Aim of the task. Every line of the data below should be retyped exactly, with no images carried over.

Material provided.
★ ★ ★
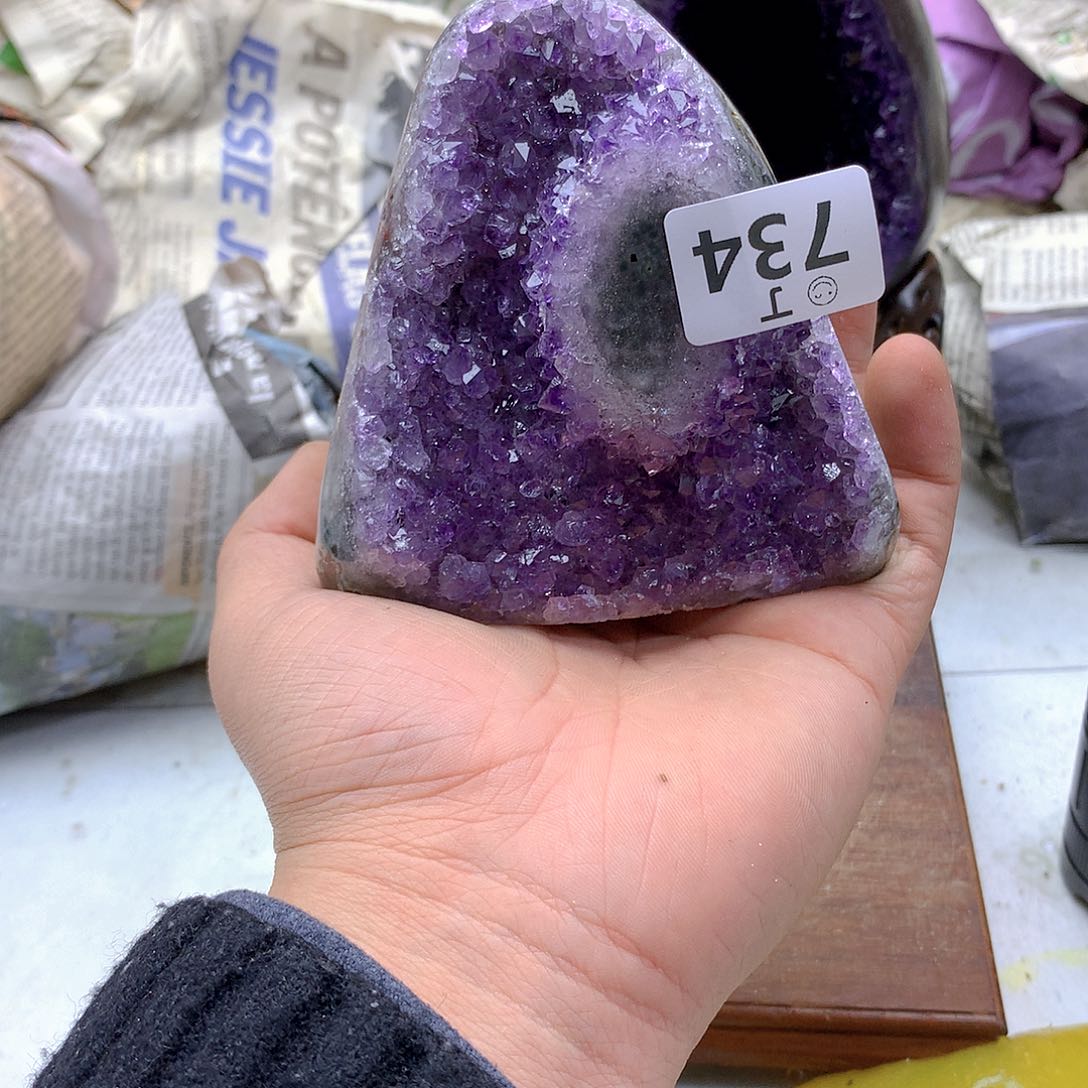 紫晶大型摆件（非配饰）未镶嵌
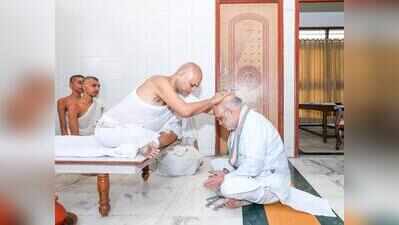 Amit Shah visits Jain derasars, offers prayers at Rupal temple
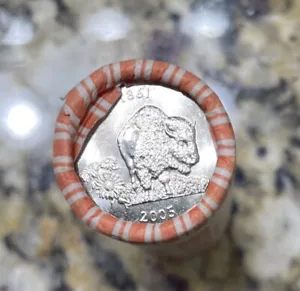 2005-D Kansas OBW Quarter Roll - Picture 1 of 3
★ ★ ★
Exercise result.
 紫晶大型摆件（非配饰）未镶嵌
 Amit Shah visits Jain derasars, offers prayers at Rupal temple
 2005-D Kansas OBW Quarter Roll - Picture 1 of 3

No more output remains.